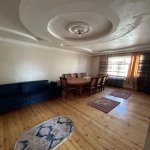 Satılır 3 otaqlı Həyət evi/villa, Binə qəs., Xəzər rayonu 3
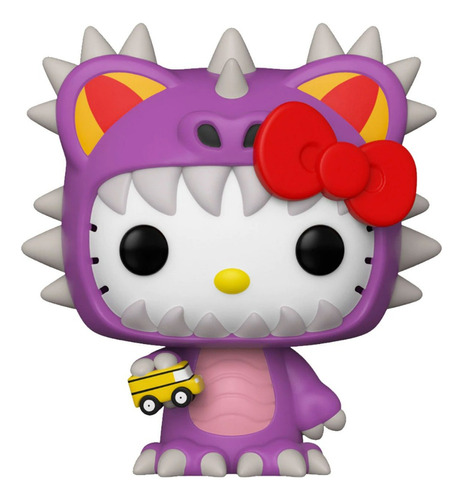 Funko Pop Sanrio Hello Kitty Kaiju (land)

┄┄┄┄┄┄┄┄┄┄

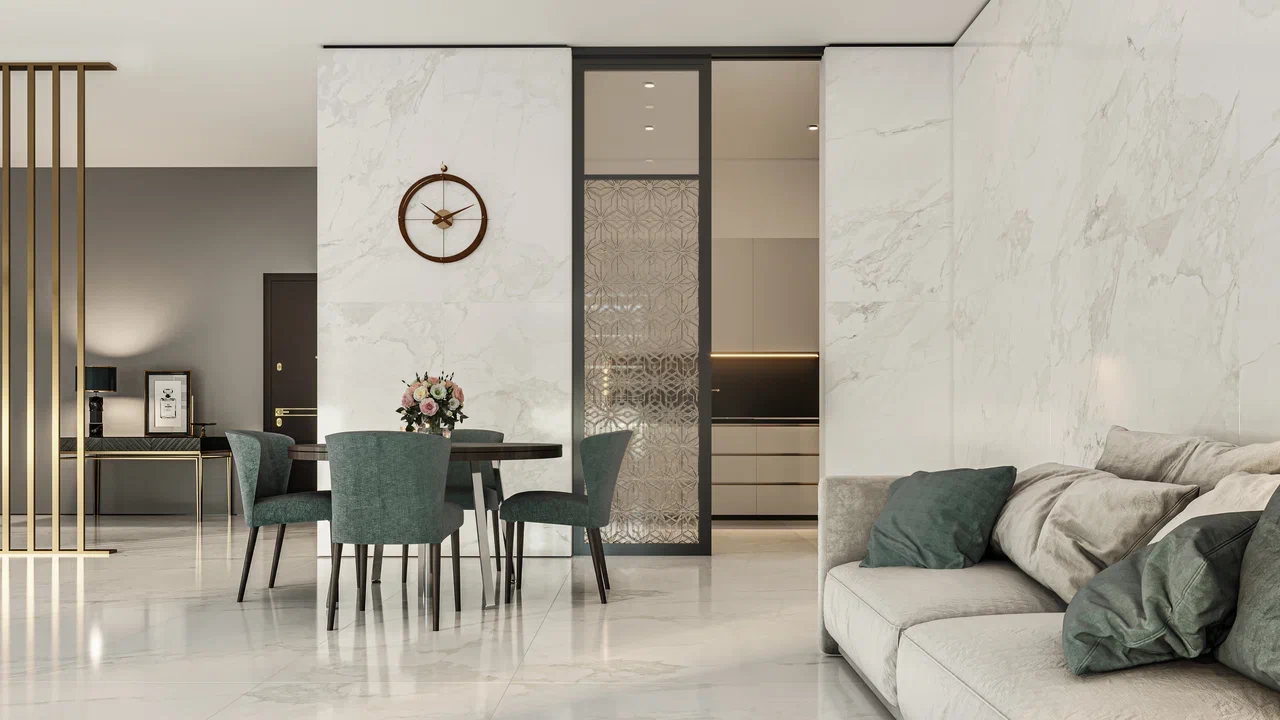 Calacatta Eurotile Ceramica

┄┄┄┄┄┄┄┄┄┄

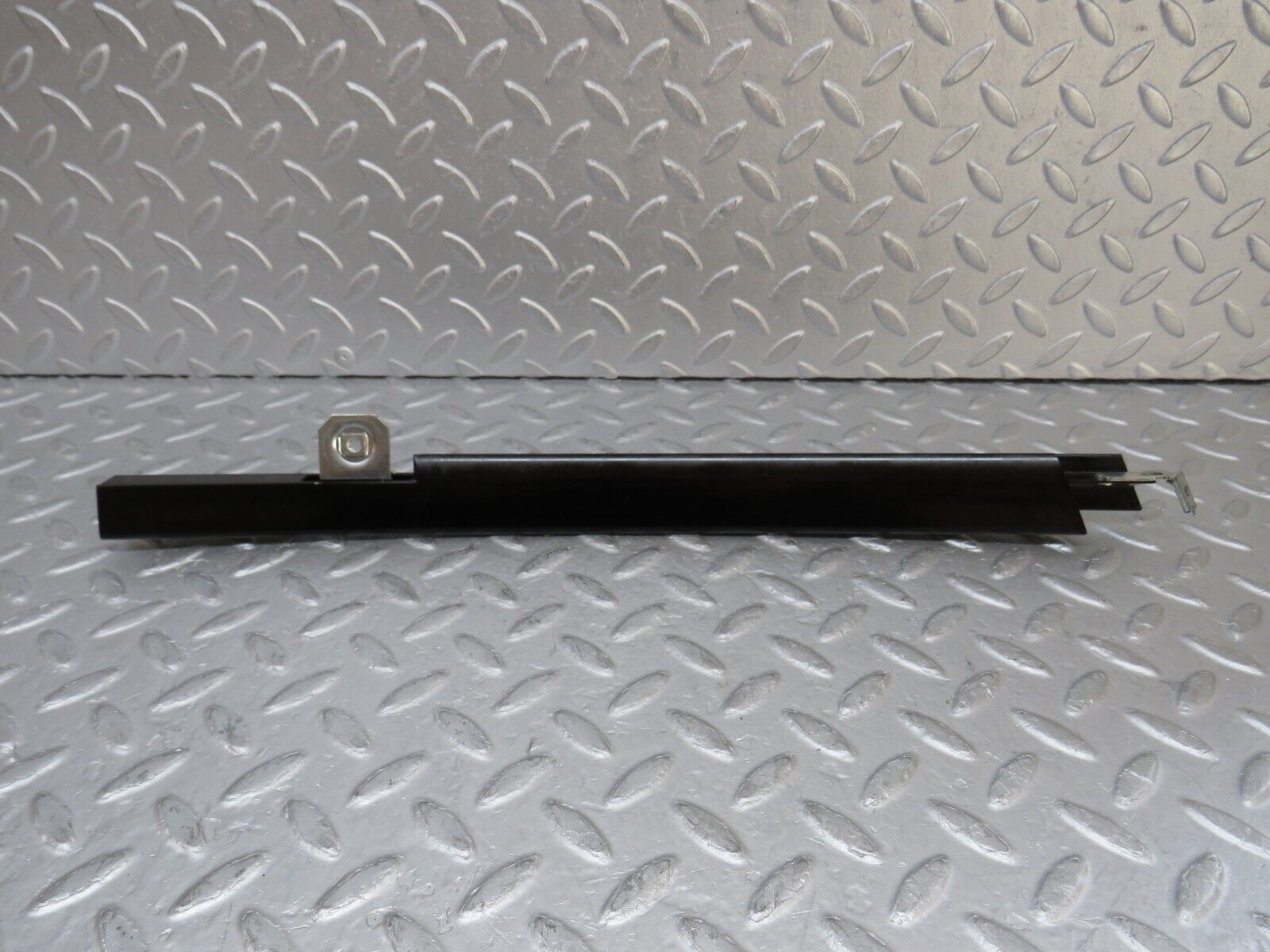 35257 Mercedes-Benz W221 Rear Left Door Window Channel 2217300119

┄┄┄┄┄┄┄┄┄┄

# Task to complete
In the listing above, find the line containing "Satılır 3 otaqlı" and the line containing "Funko Pop Sanrio Hello Kitty Kaiju (land)", then output those two lines and everything between them exactly as written, without the images.

# Your solution
 Satılır 3 otaqlı Həyət evi/villa, Binə qəs., Xəzər rayonu 3
 Funko Pop Sanrio Hello Kitty Kaiju (land)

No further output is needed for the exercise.